You start wondering what else are people doing that we haven’t thought of? Everybody wants to protect their competitive advantage, but I think, for the good of the industry, it’s good to share.
Solving the same boring problems as everybody else; sometimes it’s like, ‘I wish someone had just written a library and we could use that for the boring stuff and spend our time on the interesting stuff.’
13. NEW VENTURE
About eight months ago, my husband Ravi Ramineni and myself, as well as our business partner Cole Grossman, decided to set up a company called src ftbl.
We are a small football analytics consultancy company. We are trying to help out clubs that are in the early stage of their analytics journey and turbo boost what they are doing. Typically clubs that maybe don’t have an analytics department or maybe they’ve hired one data scientist but aren’t really sure how to integrate them into the decision making process. That’s our target audience with this company. We want to help get them started and eventually get them to be self sufficient
Every club sees a competitive advantage in this, so it makes sense to eventually move things in house. We help them get to that stage and when they do, the idea is we shift over to working on some of the strategic research questions that people in a football club would love to answer but never really have the time to do so.

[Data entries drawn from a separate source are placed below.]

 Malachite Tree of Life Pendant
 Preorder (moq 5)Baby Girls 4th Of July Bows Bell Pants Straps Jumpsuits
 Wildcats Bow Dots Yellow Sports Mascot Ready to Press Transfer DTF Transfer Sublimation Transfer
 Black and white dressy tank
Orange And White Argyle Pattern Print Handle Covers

The early stage of analytics was do everything in house and then you develop things in a bubble. Certainly when I was at Arsenal, things were quite secretive, we were working in isolation.

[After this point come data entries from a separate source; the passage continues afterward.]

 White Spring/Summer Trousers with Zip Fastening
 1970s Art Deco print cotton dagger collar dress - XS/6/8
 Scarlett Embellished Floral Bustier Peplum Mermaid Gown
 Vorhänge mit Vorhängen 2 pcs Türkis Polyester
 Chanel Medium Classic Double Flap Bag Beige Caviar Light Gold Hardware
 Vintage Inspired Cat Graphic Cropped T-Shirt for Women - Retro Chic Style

Now, people are seeing there’s a lot of benefit in understanding what’s a third party opinion on how else to do this, what else is out there. A lot of clubs find themselves behind, so collaborating with a third party is a greta way to catch up, rather than trying to build everything yourself, because its really hard to make up that ground if you’re having to reinvent the wheel from zero.
No football club can really leverage tracking data properly, so that’s one of the big areas of research that we are looking into, particularly with the proliferation of broadcast tracking data, so you know you can use tracking data to answer a lot of questions around recruitment, which you couldn’t in the past.

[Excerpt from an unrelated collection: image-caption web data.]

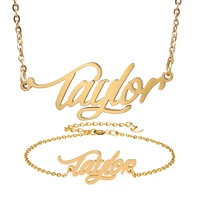 fashion stainless steel name necklace bracelet set taylor script letter gold choker chain necklace pendant nameplate gift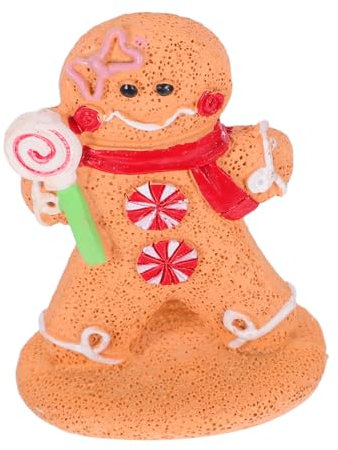 SOLUSTRE Adorno Navideño de Hombre de Jengibre Decoración de Resina Estatua de Hombre de Jengibre Adorable para Mesa de Escritorio Repisa de Chimenea Decoración de Centro de Mesa Suministro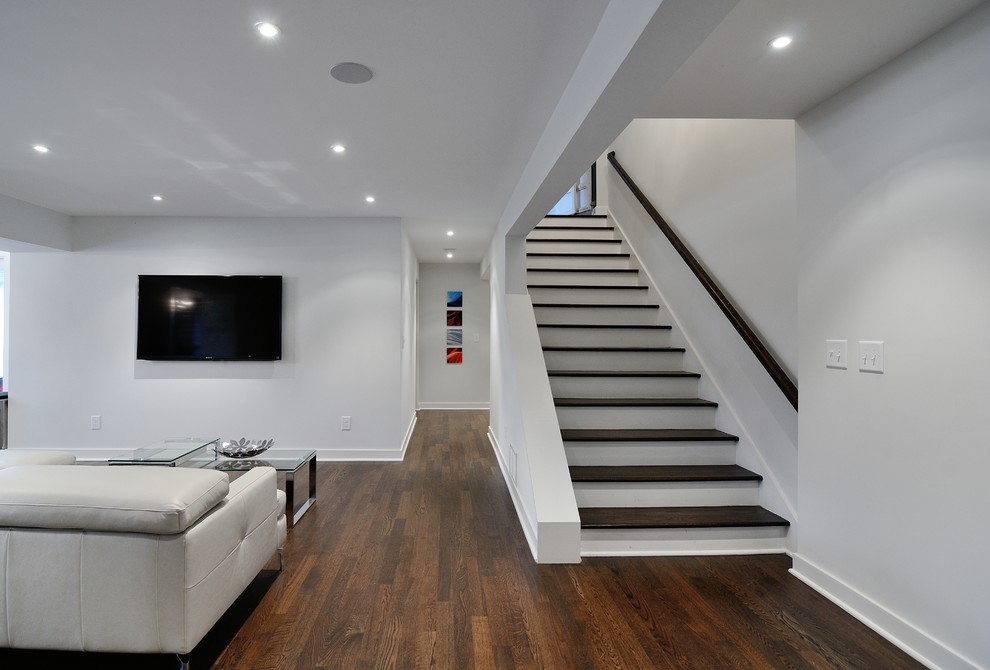 Inspiration for a modern basement remodel in Atlanta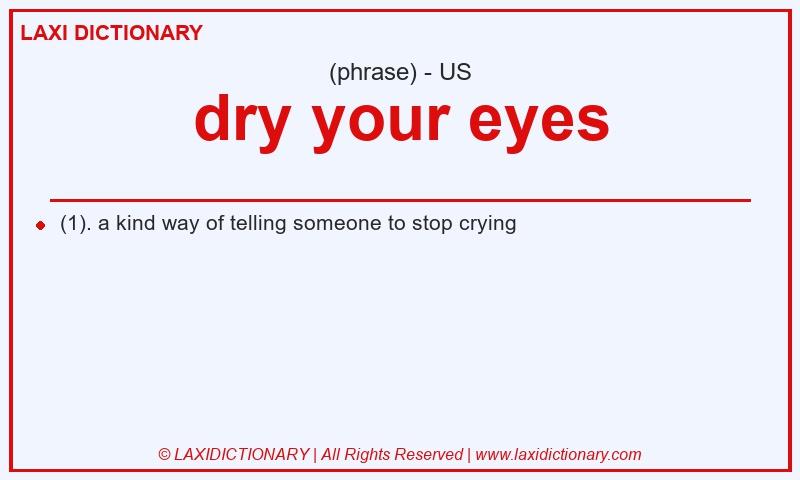 Definition dry your eyes in American English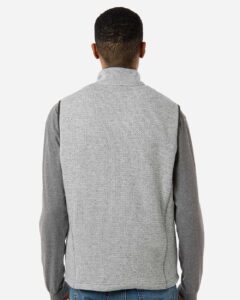 North End NE731 Men’s Jasper Jacquard Fleece Vest – Grey/ White (on model back)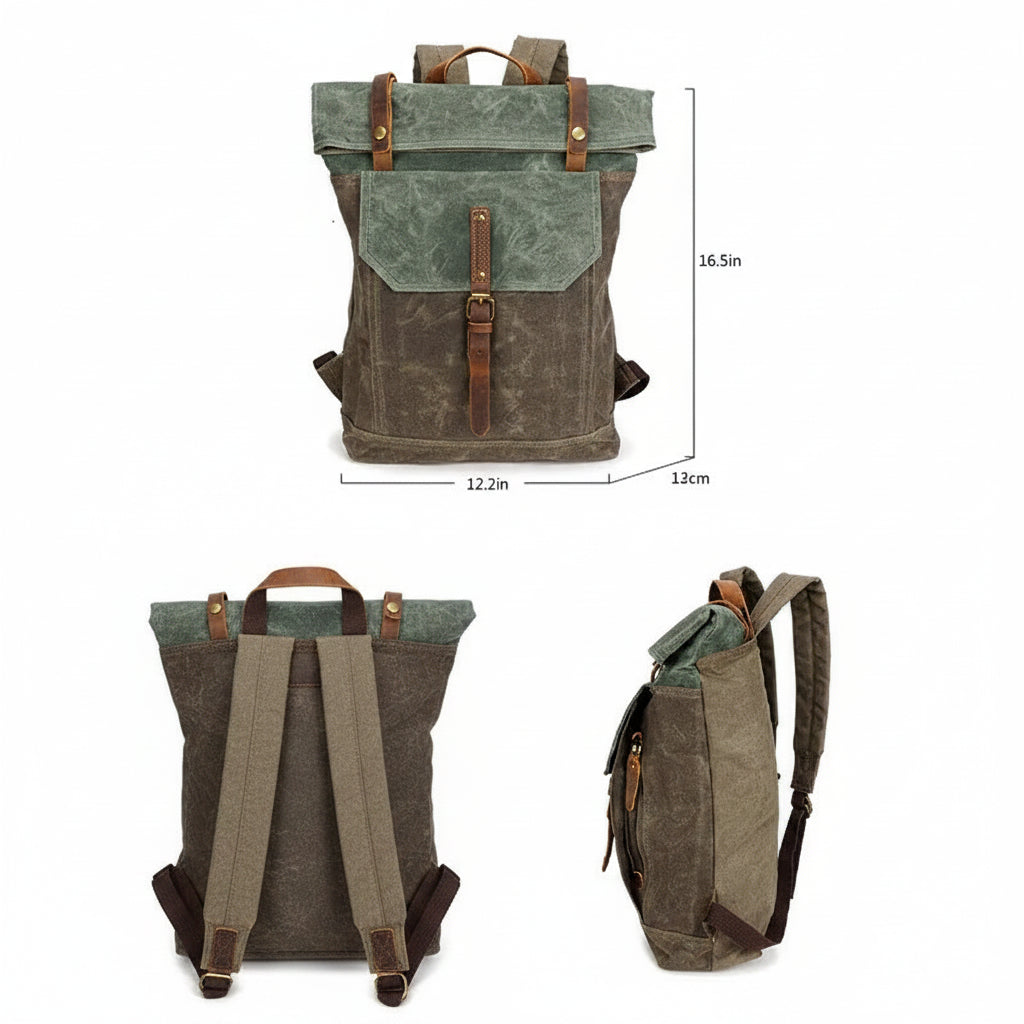 Men’s Waxed Canvas Roll Top Backpack - Crazy Horse Leather Trim
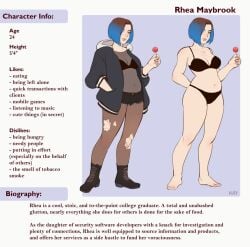 1girl 1girls 2024 2girls ankle_boots bent_arm black_boots black_bra black_lingerie black_panties black_shorts blue_hair blue_hair_female blue_hoodie blush bob_cut boots bra bra_strap bra_visible_through_clothes breasts brown_eyes brown_hair brown_hair_female candy character_profile character_sheet cleavage clothed clothed_female collarbone colored commission curvy curvy_female denim_shorts digital_media_(artwork) dual_persona dyed_hair english_text female female_only food front_view full_body full_lips gluttony hand_in_pocket holding_candy holding_food holding_lollipop holding_object hood_down hoodie hourglass_figure hourglass_figured_female jorts kay_inthedark knee_blush leather_boots light-skinned_female light_skin lollipop looking_at_viewer medium_breasts model_sheet navel navel_visible_through_clothes oc open_hoodie original original_character panties pantyhose parted_lips partially_clothed partially_clothed_female puffy_sleeves reference_sheet revealing_clothes rhea_maybrook ripped_pantyhose roots_showing see-through_clothing see-through_shirt short_shorts shorts shoulder_blush signature simple_background slight_blush slightly_chubby slightly_chubby_female solo solo_female standing text three-quarter_view torn_pantyhose two_tone_hair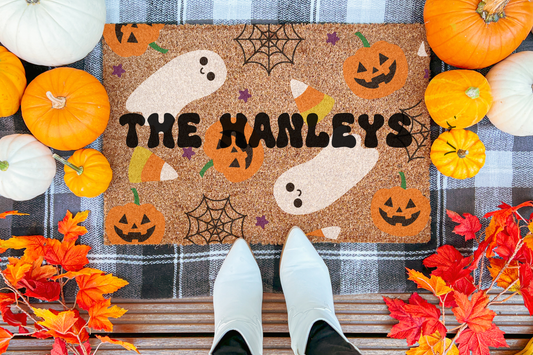 Halloween with Family Name Custom Doormat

So I think that is going to be a heavy area of focus for us, as well as player development, I think that’s one area that a lot of clubs are very interested in now. The market is too expensive for a lot of clubs to go out and look for players, so a lot of clubs are coming to us and asking how can we develop talent in house more effectively and more efficiently.
14. FUTURE OF ANALYTICS AND THE IMPACT OF AI
We are already seeing huge impacts on us. All of the broadcast tracking data is built off deep learning models, object recognition and being able to work out the homography of those images. So it’s been impacting us for a couple of years without us really noticing it.
Just in terms of day-to-day productivity, I rely heavily on ChatGPT to do things that I’m not an expert in or not necessarily good at. There are certain ways I use it to make me more productive. But I don’t think we are at the point where you can have ChatGPT do all the work for you.
A fun way I entertain myself is have ChatGPT write scouting reports for different players. They sound really realistic but they’re kind of full of lies. That’s one of the things we have to be careful with, that is just makes up a lot of stuff still.
People’s jobs will change and certainly some individuals will be impacted by it. ChatGPT can write a scouting report but do I want it replacing my scouts? Absolutely not. Most people, your job will be safe or altered, hopefully for the best, where you’re not having to do a lot of the repetitive work.